The chairman of the House Armed Services Committee on Wednesday criticized the Obama administration’s plan to cut healthcare benefits for both active duty and retired military service members.

Rep. Howard "Buck" McKeon (R., CA) said some healthcare costs for military retirees will be raised 345 percent over the next several years and will include "means-tested" increases based on pay at retirement.

"It is just another hit on the military," McKeon said on Fox News, commenting on a report published Tuesday in the Washington Free Beacon.

"You know, the military accounts for 20 percent of our overall budget, but 50 percent of the savings have come out of defense, and these people that have given so much for us … why are they to be singled out?" McKeon asked.

He also noted that civilian defense employees are not being hit with these same increases and are not being means-tested to gauge whether they can pay more.

McKeon said the military health care increases are a "fairness issue."

"I don’t know why we just keep trying to solve our financial problems on the back of the military," he said. "If we keep doing that, who will have our backs the next time we get attacked?"

The fiscal 2013 defense budget submitted to Congress calls for increasing the cost of pharmaceuticals for families of active duty military and for sharp increases in premiums for military retirees.

The objective is to save $1.8 billion from the Tricare medical system this year and $12.9 billion by 2017.

Critics of the cuts, including Republicans in Congress and military service organizations, say the fee increases violate promises made to military personnel for their service to the country.

Congress must approve the increases.

The cuts are part of the Pentagon’s program to cut $487 billion from defense spending over the next 10 years.

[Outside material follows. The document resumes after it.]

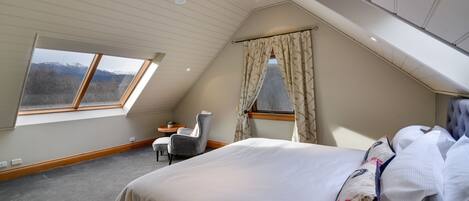 A bedroom with a large bed, a chair, a small table, and a window with curtains.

An additional cut of nearly $600 billion is also looming as a result of recent budget control legislation.

If the cuts are approved, the increases will be tiered by rank at retirement. Air Force Gen. Norton Schwartz, the service chief of staff, said during a hearing Tuesday that these tiers were necessary to make the increases fair.

"It was a recognition … that there were those among our alumni who were less able to accommodate the increases in the fees than others," Schwartz said. "And so this simply was, in my view, a recognition of reality in that enlisted retirees were certainly not as capable of absorbing these costs as retired flag officers."

Jo Ann Rooney, acting undersecretary of defense for personnel and readiness, was asked during a hearing of the House Armed Services personnel subcommittee on Wednesday why cost increases were limited to military retirees and not civilians.

Rooney said civilians are not part of Tricare. "So we are proposing those increases in the Tricare system which impacts the particular increases, those that are retired of working age as well as those that are over 65," Rooney said. "There are two very, very different systems first off. So we're just focusing in this particular on those costs with a program that is administered within the Department of Defense."

Tricare Director Jonathan Woodson said during the hearing that civilian government employees currently pay more for health care than retired military personnel.

The administration has said the increases are targeted at so-called "working" retirees under the age of 65.

After the cuts were reported in the Free Beacon on Tuesday, numerous active-duty military, both officers and enlisted troops, criticized the plan as a breach of faith for those who signed up to join the military.

Rep. Adam Smith (D., WA), ranking member on the Armed Services Committee who also appeared on Fox on Wednesday, defended the healthcare cuts and denied that the Pentagon was forcing military retirees to join President Obama’s health care program, dubbed Obamacare, by upping rates.

"We're maintaining Tricare; we want them in Tricare," Smith said.

However, during a recent briefing, a Republican congressional aide revealed that the administration said the increases were aimed at trying to reduce the number of people receiving Tricare benefits and to switch to other health plans.

"They did tell us that part of the savings comes from beneficiaries using their healthcare benefits less because of higher fees," said the aide. "Raising fees in Tricare may incentivize the retirees to use a different health care provider."

Under Obamacare, beginning in 2014 a federally financed health care entitlement will subsidize premiums for low and moderate income Americans. The amount paid will be pegged to family income and administered through state-based "exchanges" that will replace current small group and individual health insurers.

Administration officials briefed House members recently that military retirees will be eligible for the exchanges, the aide said.